Any pictures in the records below must be left out when you repeat the lines from the line containing "Chambre - 10 m² - 1 pièce" through the line containing "कांग्रेस के प्रतिनिधि" exactly.

» Supplied material:
★ ★ ★ ★ ★ ★ ★
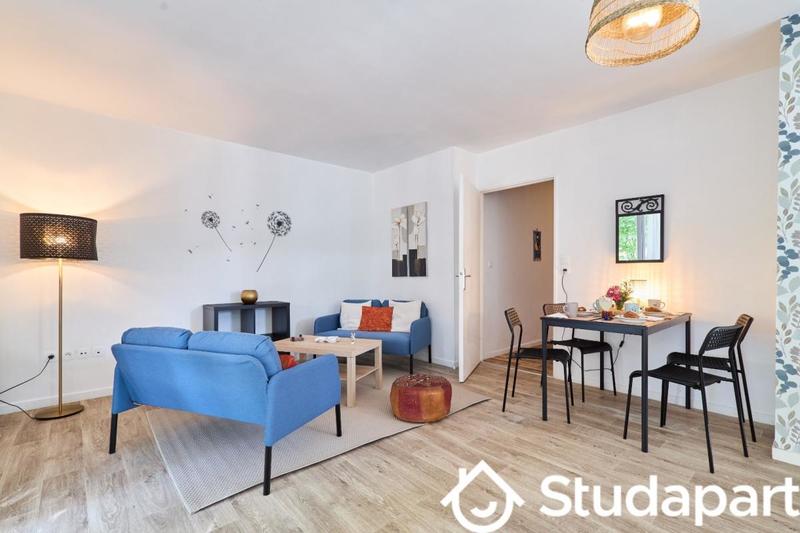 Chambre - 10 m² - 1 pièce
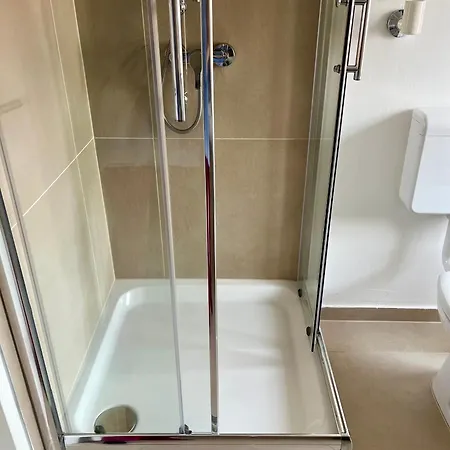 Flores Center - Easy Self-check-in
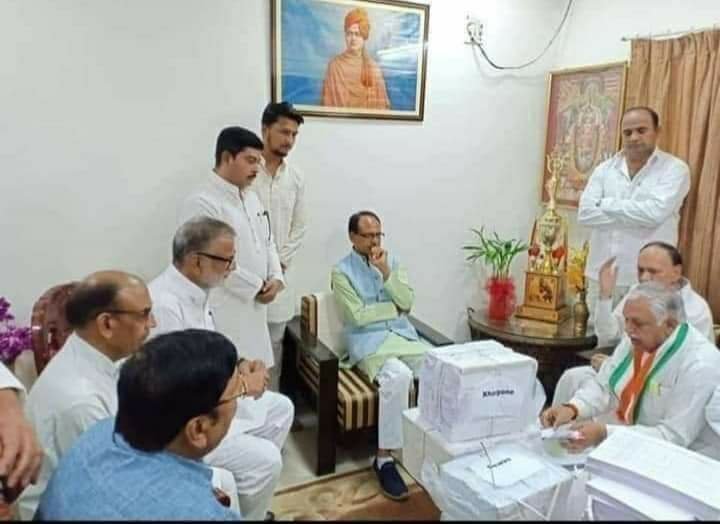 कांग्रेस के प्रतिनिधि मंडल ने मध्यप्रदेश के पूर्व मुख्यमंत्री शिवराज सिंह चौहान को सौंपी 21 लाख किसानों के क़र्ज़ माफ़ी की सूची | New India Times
★ ★ ★ ★ ★ ★ ★
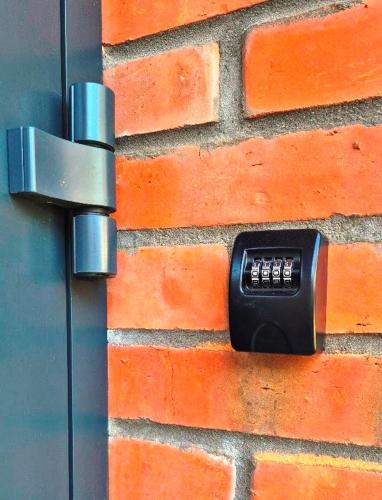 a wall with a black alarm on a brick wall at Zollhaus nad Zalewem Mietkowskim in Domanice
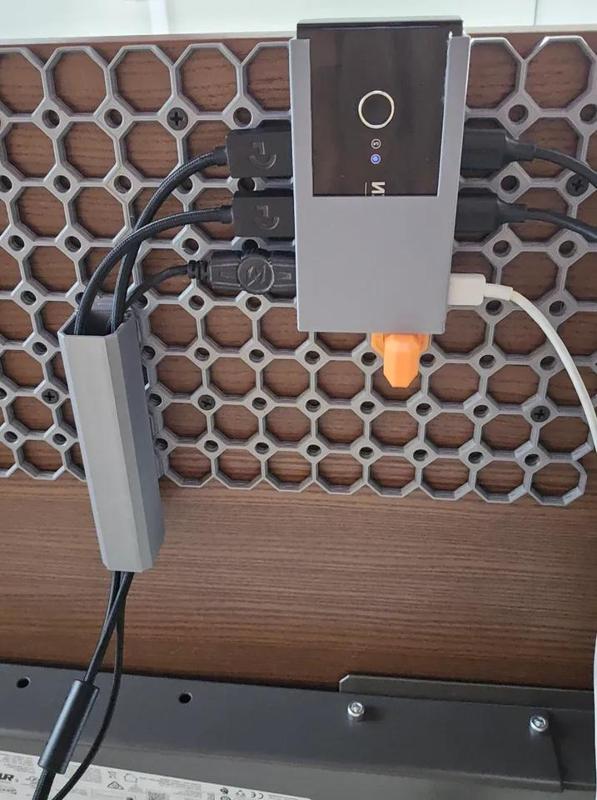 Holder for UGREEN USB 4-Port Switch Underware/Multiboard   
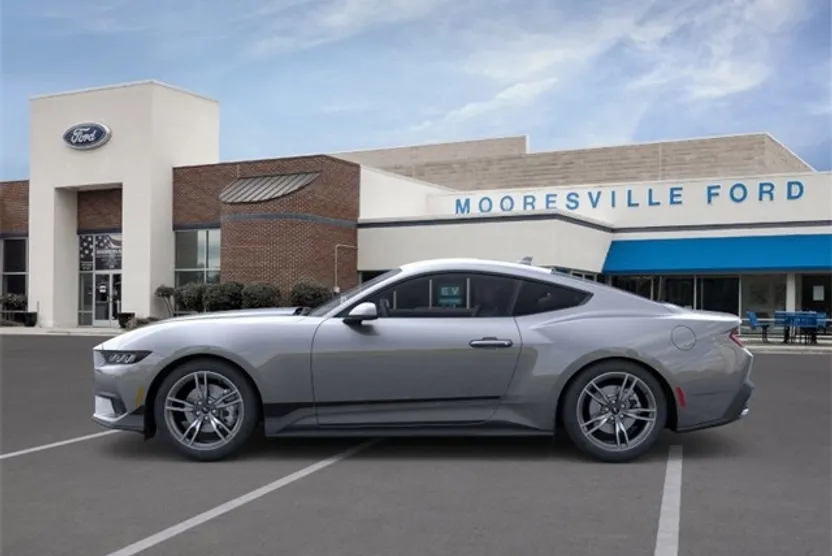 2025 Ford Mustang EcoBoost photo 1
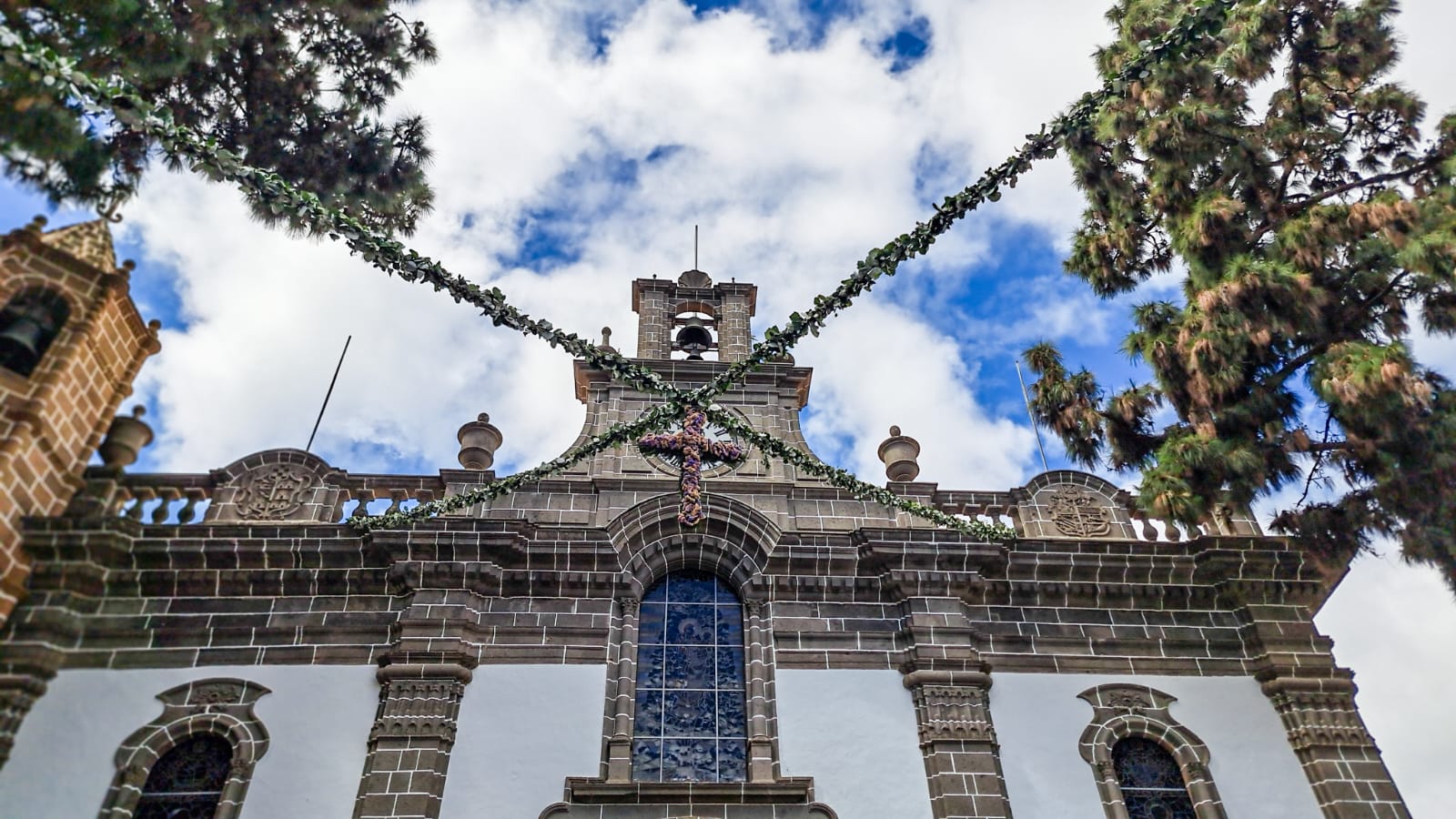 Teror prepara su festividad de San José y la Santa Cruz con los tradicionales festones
★ ★ ★ ★ ★ ★ ★
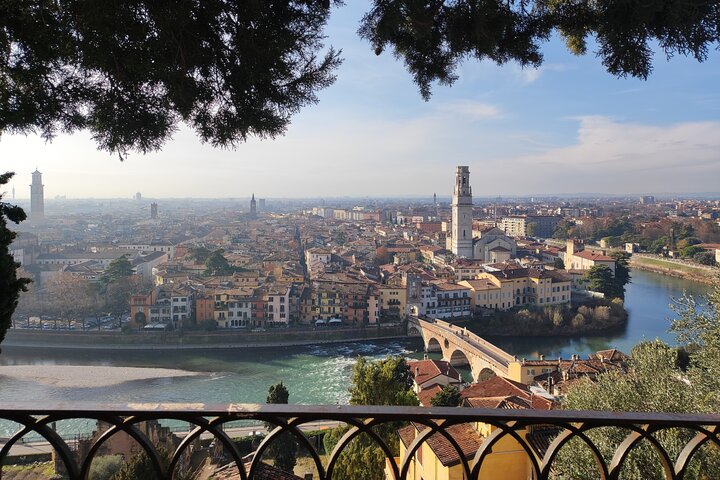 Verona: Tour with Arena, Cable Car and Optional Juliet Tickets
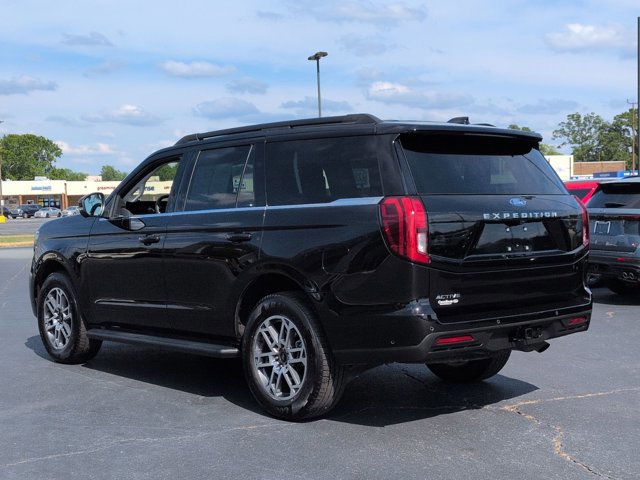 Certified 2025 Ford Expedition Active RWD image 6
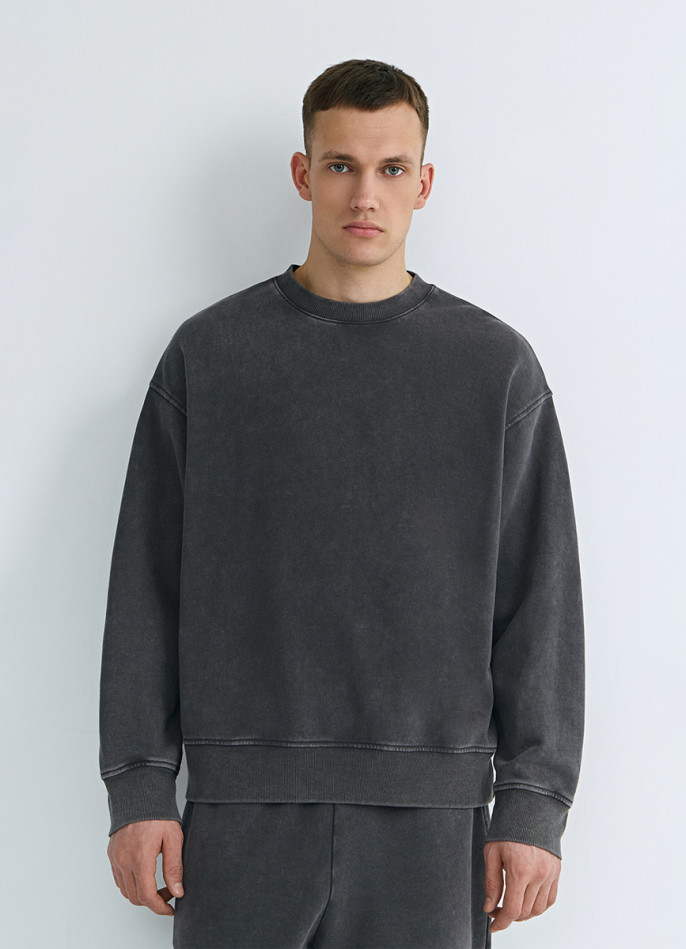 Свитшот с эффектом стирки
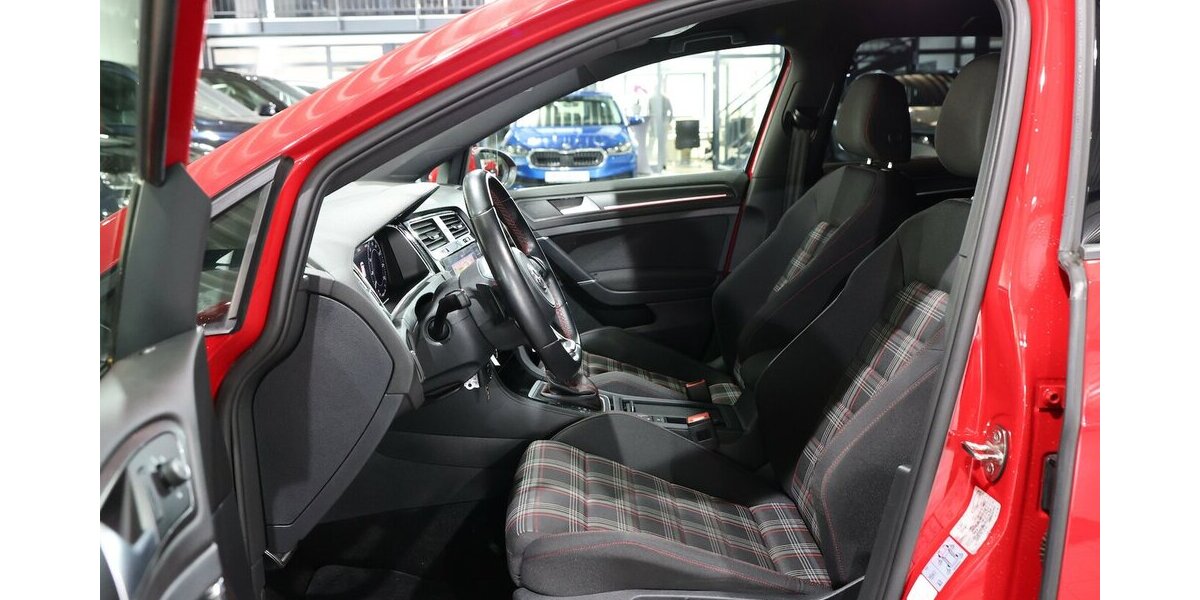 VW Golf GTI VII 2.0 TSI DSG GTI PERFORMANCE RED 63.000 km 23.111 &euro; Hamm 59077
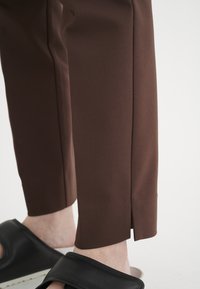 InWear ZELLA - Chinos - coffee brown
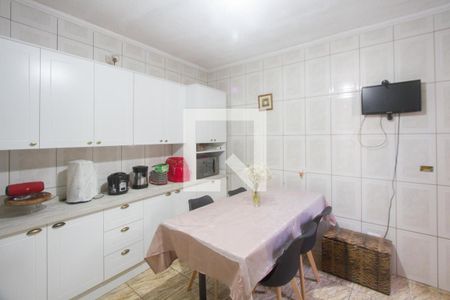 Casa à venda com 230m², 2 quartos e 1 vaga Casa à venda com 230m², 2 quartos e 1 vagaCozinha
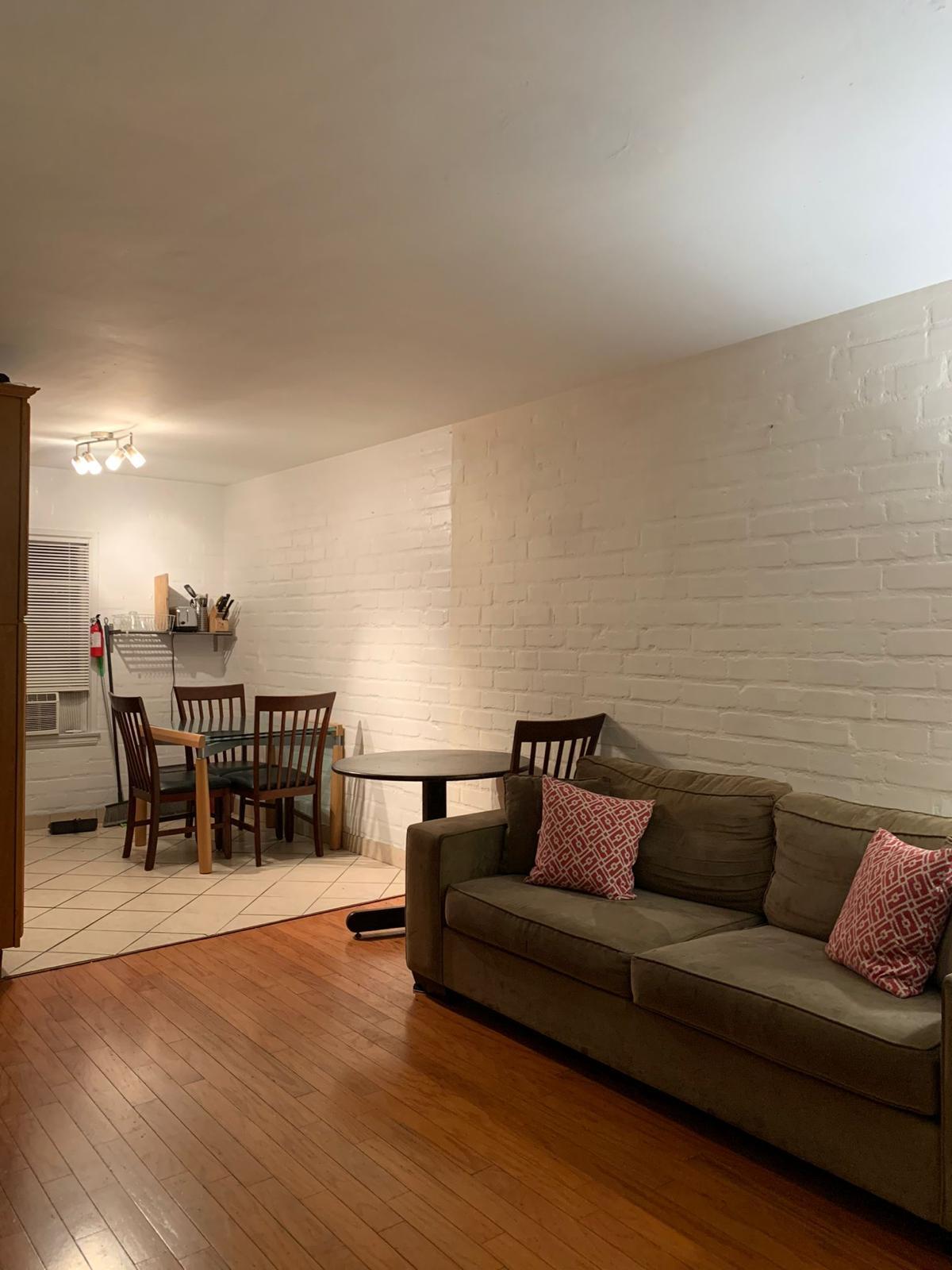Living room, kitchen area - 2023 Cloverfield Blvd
★ ★ ★ ★ ★ ★ ★
» The answer:
 Chambre - 10 m² - 1 pièce
 Flores Center - Easy Self-check-in
 कांग्रेस के प्रतिनिधि मंडल ने मध्यप्रदेश के पूर्व मुख्यमंत्री शिवराज सिंह चौहान को सौंपी 21 लाख किसानों के क़र्ज़ माफ़ी की सूची | New India Times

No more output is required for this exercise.